Diskussionsabend an der AUB.

Am Donnerstag, den 7. November 2013 fand der 3. Diskussionsabend mit dem Titel „Die Komplexität Jüdisch zu sein. Antisemitismus – und andere Herausforderungen“ in der Reihe „Wessen Problem ist es? Zur Frage des Antisemitismus im gegenwärtigen Ungarn“ im Andrássy-Saal der Andrássy Universität Budapest (AUB) statt. Die ausgesprochen gut besuchte erste Paneldiskussion, die am 16. Mai d. J. stattgefunden hatte, bezeugte ein reges Interesse am Thema, sodass die Reihe im Herbst fortgesetzt wurde (der geplante 2. Abend zum Thema Religionsgemeinschaften und Antisemitismus musste leider abgesagt werden).

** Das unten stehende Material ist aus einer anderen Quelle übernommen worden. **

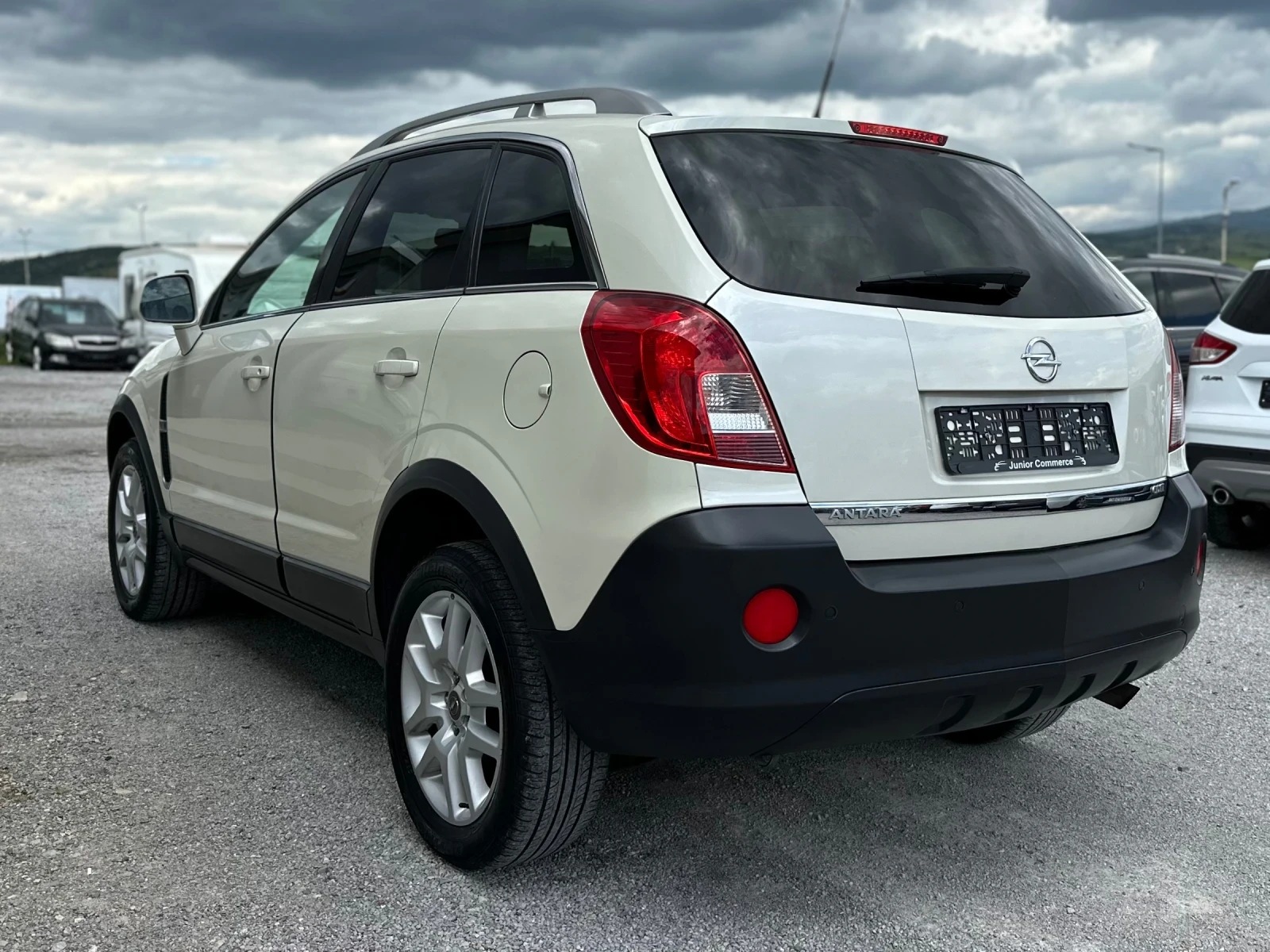 Opel Antara 2.2CDTI-COSMO-128000KM-НАВИ-FULL-NEW-TOP - изображение 4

Die Reihe nähert sich der Thematik aus verschiedenen Perspektiven an; als Diskutantinnen und Diskutanten wirken in Ungarn lebende Expertinnen und Experten. Die Veranstaltungsreihe wird von Ursula Mindler (AUB / Fakultät für Mitteleuropäische Studien) und Eszter Lányi (HAVER) konzipiert und organisiert, wobei als Kooperationspartner MitarbeiterInnen der wichtigsten Budapester Universitäten gewonnen werden konnten: Károly Dániel Dobos (PPKE), Michael Miller (CEU), Kata Zsófia Vincze (ELTE), Tamás Lichtmann (ORZSE), Katalin G. Kállay (KRE) und Christopher Walsch (CUB).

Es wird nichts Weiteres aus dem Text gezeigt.